You know when you watch a movie and you can just tell that the mind behind it, is super cool? I Used To Go Here is smart and funny and relatable, in sort of an unnerving way. We could tell right out of the gate that Kris Rey was going to be so much hipper than us. To level the playing field a bit, I took extensive notes titled “Carrie’s list of uncool things to not say.” I also wore a dress from my Grandma’s funeral last year to add balance my enthusiasm, that can sometimes be hard for me to contain.
All of these things seem silly now. Kris was just so pleasant and approachable, albeit still WAY out of our league on the cool-scale.
A bit about the movie:
Following the launch of her new novel, 35-year-old writer Kate (Gillian Jacobs, most known for her role in Life of the Party ) is invited to speak at her alma matter by her former professor David (played by Jemaine Clement).

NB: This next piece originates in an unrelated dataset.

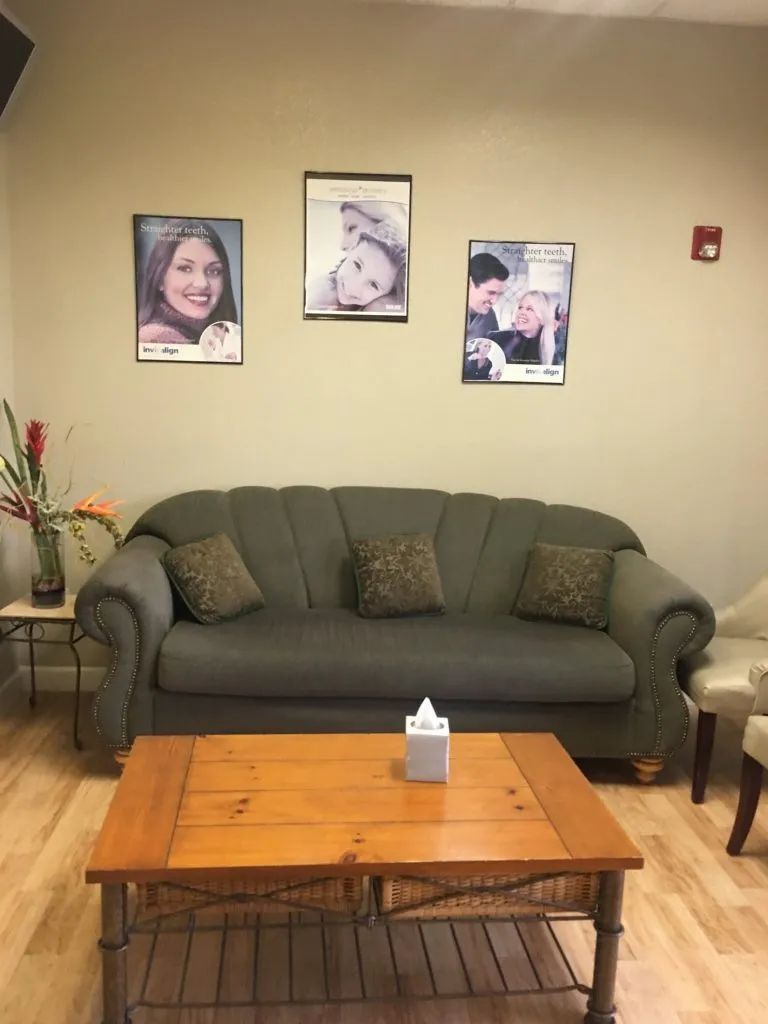 couch in the waiting area of {PRACTICE_NAME}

After accepting the invitation, Kate finds herself deeply engrained in the lives of a group of super fun college students. The film is about navigating the complexities of finding and embracing success.
It’s an empathy trip to be sure for anybody who is a bit (or a lot) removed from their wild college days. Beyond that, the movie explores how we seek adoration and the physical/emotional trap that can be. What we loved was the character arch, of finding empowerment in whatever way serves you best.
We hope you enjoy listening to Kris Rey as much as we did. I Used to Go Here is available August 7th on Amazon and iTunes.
Rob: Hello?
Kris: Hello.
Rob: How’s everybody doing?
Kris: Are you going to keep the cartoon?
Rob: Yes, this is my likeness. Let’s see which one you like better. Hey, how are you? Pretty good, right, Kris?
Carrie: Go back to the cartoon. I think I like that one better.
Rob: How are these been going? Do you need a break, Kris?
Kris: No, I’m good. Do I look like I do?
Rob: Not at all! I just can’t imagine trying to do as much as you do. Carrie and I, we moonlight as podcasters and running a movie review website. But we also have day job, so we know how like long WebEx sessions and Zoom meetings go.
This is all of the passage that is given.